▶ **Records to use**
*****

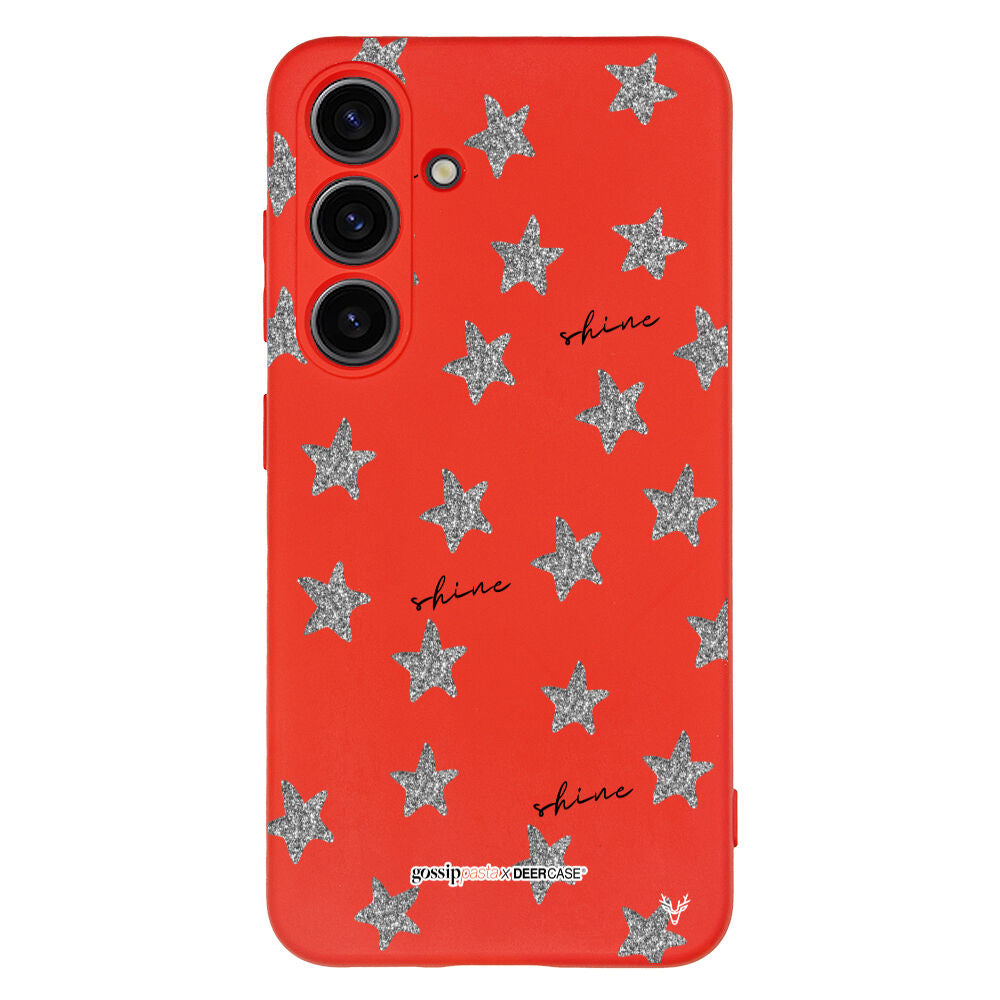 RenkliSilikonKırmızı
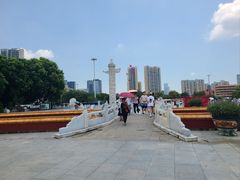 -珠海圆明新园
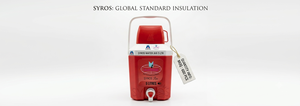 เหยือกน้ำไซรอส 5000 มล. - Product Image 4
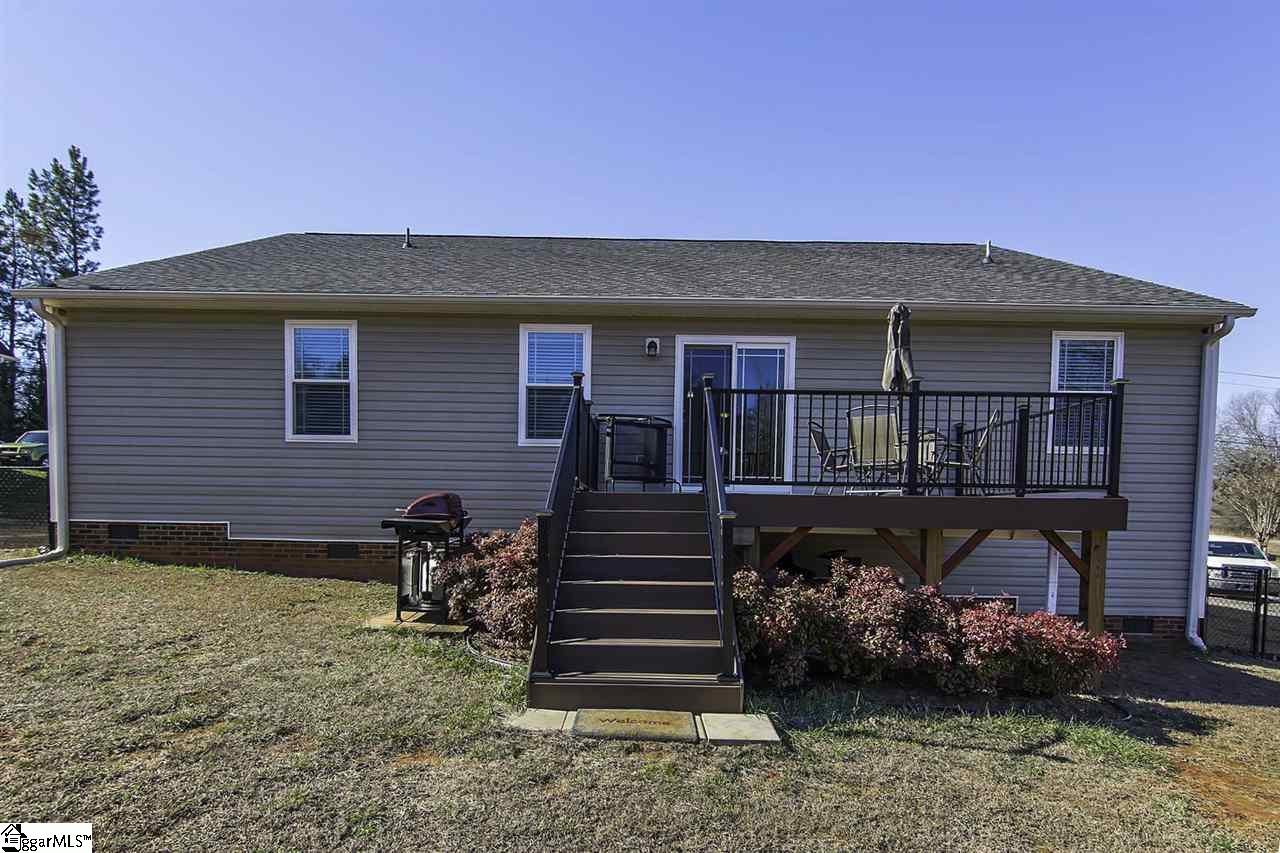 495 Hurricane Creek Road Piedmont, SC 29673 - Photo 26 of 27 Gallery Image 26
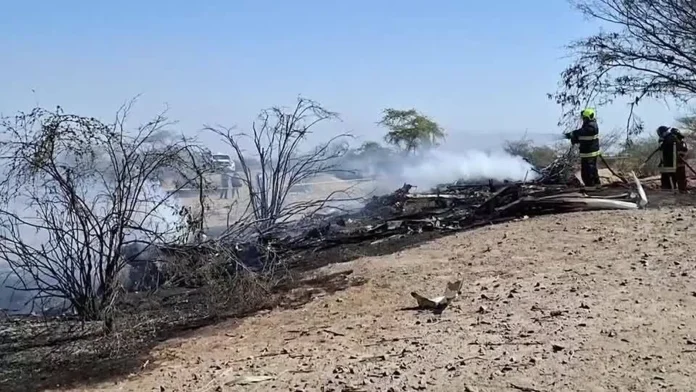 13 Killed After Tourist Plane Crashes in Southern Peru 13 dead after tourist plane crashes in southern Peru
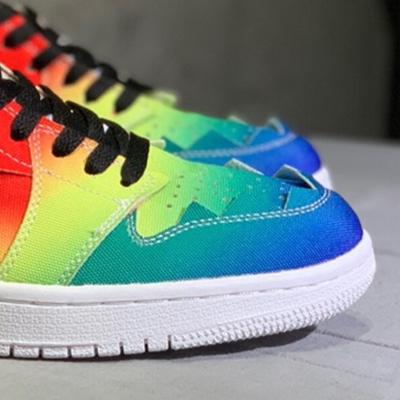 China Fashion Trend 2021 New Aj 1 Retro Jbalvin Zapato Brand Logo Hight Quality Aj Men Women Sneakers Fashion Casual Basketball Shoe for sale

*****

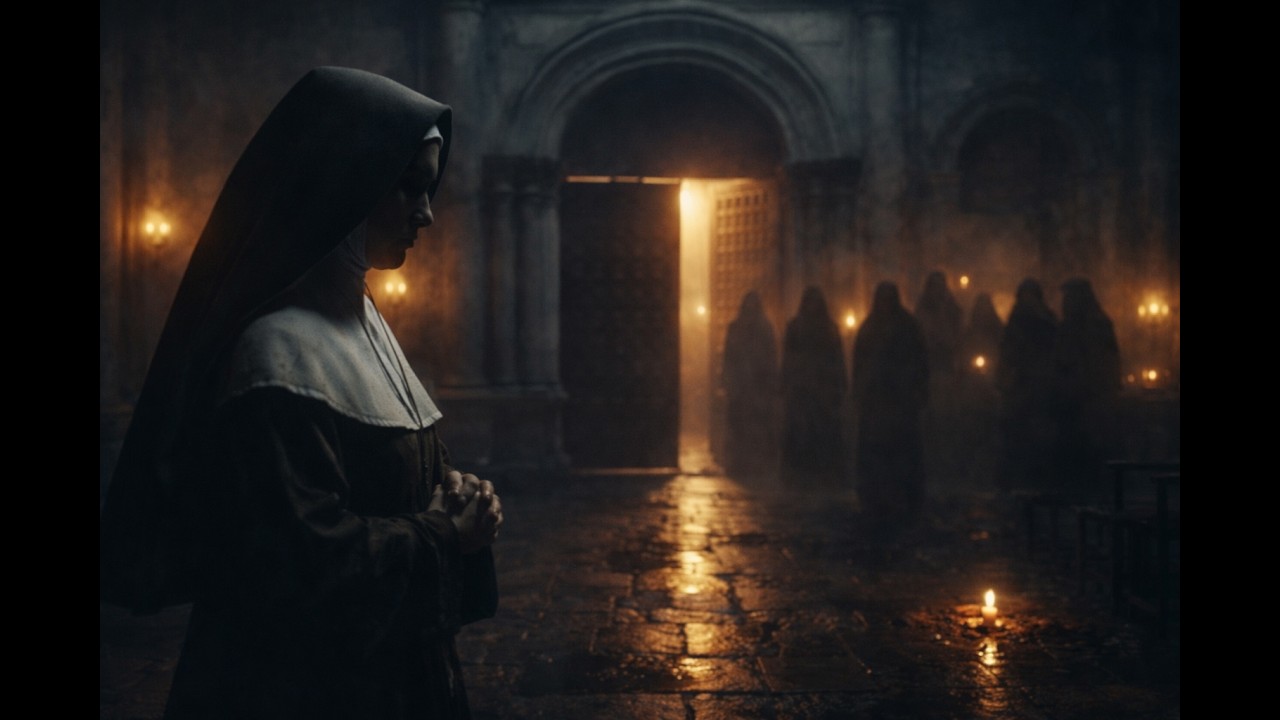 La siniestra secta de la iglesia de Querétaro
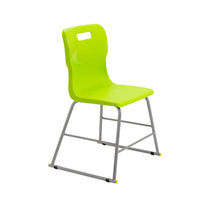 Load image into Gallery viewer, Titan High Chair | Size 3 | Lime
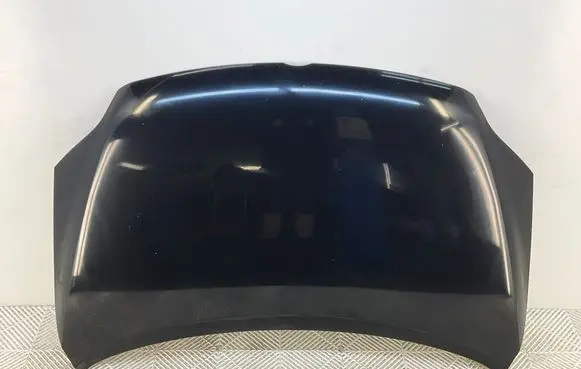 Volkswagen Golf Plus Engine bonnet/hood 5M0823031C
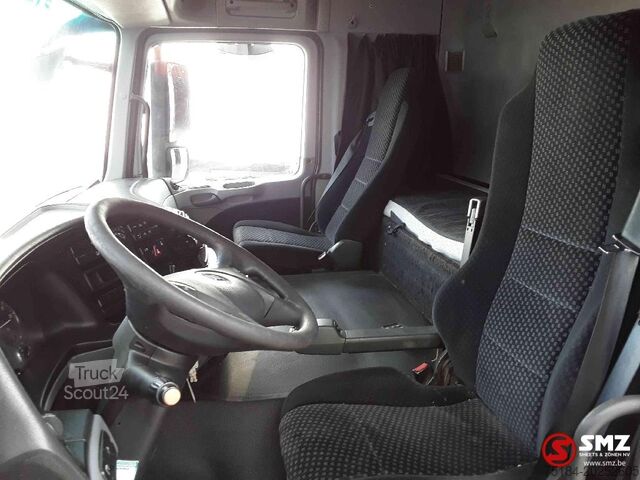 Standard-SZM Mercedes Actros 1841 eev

*****

▶ **Directions**
Above are records; write out the lines from the one with "RenkliSilikonKırmızı" down to the one with "13 Killed After", exactly, leaving the pictures out.

▶ **Reply**
 RenkliSilikonKırmızı
 -珠海圆明新园
 เหยือกน้ำไซรอส 5000 มล. - Product Image 4
 495 Hurricane Creek Road Piedmont, SC 29673 - Photo 26 of 27 Gallery Image 26
 13 Killed After Tourist Plane Crashes in Southern Peru 13 dead after tourist plane crashes in southern Peru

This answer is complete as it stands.